:: Exercise goal ::
Search the material and gather each line with "Long" in it.

────────

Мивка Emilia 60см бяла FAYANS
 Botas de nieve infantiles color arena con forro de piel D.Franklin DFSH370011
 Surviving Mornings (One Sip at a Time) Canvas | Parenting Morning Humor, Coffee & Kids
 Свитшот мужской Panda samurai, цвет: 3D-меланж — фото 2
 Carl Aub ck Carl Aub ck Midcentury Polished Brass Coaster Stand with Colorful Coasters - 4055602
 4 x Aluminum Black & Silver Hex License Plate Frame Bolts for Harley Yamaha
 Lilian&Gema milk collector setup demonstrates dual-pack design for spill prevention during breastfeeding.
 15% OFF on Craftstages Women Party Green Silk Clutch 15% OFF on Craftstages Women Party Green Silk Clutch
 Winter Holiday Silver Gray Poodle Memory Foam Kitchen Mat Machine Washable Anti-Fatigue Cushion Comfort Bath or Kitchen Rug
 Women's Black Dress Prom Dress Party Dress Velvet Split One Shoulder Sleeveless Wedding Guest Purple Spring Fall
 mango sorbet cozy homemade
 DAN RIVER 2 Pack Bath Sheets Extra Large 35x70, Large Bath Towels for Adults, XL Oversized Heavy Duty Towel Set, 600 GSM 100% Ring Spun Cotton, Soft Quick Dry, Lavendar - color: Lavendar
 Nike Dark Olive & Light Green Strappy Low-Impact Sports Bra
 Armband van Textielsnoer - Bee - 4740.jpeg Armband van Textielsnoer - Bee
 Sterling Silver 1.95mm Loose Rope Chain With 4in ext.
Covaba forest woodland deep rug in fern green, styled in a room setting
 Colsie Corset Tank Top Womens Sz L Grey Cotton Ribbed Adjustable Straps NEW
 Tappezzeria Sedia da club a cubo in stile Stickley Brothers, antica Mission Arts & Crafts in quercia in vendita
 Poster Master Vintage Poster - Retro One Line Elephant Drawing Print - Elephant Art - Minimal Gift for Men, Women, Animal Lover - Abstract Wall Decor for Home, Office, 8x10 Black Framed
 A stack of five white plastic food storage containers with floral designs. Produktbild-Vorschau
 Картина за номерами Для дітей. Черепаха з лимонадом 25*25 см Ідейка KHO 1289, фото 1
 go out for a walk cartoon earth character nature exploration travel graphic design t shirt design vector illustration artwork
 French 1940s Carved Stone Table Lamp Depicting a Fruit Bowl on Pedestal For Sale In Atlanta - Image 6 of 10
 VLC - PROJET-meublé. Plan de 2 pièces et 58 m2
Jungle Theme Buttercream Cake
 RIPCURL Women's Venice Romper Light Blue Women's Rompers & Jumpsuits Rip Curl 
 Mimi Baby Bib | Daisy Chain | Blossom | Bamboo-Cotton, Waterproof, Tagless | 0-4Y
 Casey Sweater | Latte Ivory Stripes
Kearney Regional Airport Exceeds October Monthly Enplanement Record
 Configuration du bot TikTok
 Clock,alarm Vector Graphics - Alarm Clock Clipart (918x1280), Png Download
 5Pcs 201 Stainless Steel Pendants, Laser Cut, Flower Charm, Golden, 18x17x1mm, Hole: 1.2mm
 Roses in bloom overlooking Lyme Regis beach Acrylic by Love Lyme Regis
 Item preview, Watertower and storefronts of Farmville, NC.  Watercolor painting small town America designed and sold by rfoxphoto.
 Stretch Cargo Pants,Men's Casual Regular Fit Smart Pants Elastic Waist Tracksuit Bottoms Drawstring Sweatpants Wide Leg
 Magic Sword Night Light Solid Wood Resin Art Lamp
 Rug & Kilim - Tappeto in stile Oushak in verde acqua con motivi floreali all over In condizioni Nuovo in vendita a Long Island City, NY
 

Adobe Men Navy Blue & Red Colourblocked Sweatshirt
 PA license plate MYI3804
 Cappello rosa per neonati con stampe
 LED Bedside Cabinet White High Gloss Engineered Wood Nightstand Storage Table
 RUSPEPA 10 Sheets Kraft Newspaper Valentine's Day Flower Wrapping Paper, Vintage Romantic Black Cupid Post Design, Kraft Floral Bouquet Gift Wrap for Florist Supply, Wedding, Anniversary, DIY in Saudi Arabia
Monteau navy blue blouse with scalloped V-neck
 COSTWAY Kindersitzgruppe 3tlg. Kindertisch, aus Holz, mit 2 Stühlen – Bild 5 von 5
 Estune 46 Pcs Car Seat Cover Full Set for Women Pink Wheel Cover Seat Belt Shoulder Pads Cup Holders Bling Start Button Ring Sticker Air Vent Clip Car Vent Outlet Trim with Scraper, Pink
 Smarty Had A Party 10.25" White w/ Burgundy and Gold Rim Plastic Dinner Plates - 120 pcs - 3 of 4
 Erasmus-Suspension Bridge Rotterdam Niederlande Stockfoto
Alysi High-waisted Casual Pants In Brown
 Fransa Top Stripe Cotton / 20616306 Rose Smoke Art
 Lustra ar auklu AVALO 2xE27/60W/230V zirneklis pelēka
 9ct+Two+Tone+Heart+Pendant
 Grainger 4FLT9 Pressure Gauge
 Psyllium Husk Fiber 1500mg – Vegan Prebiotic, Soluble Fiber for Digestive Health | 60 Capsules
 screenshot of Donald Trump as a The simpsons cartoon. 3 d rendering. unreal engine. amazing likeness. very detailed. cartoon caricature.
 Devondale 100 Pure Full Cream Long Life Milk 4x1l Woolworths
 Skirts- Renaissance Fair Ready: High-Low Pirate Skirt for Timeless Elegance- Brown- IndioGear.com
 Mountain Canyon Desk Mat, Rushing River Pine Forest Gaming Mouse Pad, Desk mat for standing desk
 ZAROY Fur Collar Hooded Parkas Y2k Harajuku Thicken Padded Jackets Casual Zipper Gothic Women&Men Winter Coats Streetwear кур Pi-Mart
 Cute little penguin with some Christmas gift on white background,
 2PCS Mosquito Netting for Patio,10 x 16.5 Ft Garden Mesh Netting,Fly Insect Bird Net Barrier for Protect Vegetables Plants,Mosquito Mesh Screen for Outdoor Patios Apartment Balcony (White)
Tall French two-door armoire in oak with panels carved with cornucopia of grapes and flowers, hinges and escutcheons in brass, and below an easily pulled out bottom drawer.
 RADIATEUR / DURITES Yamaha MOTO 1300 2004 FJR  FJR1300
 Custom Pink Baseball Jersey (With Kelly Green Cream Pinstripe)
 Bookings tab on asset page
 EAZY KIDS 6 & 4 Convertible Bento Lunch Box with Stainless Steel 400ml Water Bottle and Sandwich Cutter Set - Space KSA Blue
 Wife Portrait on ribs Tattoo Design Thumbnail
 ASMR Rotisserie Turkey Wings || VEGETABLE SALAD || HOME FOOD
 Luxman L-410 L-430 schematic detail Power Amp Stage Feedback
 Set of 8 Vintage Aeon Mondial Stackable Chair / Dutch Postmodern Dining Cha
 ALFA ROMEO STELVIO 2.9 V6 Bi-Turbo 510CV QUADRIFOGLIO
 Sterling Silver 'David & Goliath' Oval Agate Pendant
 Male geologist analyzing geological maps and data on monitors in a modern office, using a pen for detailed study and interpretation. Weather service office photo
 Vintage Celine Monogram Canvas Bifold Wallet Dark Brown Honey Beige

────────

:: Solution to this problem ::
 Rug & Kilim - Tappeto in stile Oushak in verde acqua con motivi floreali all over In condizioni Nuovo in vendita a Long Island City, NY
 Devondale 100 Pure Full Cream Long Life Milk 4x1l Woolworths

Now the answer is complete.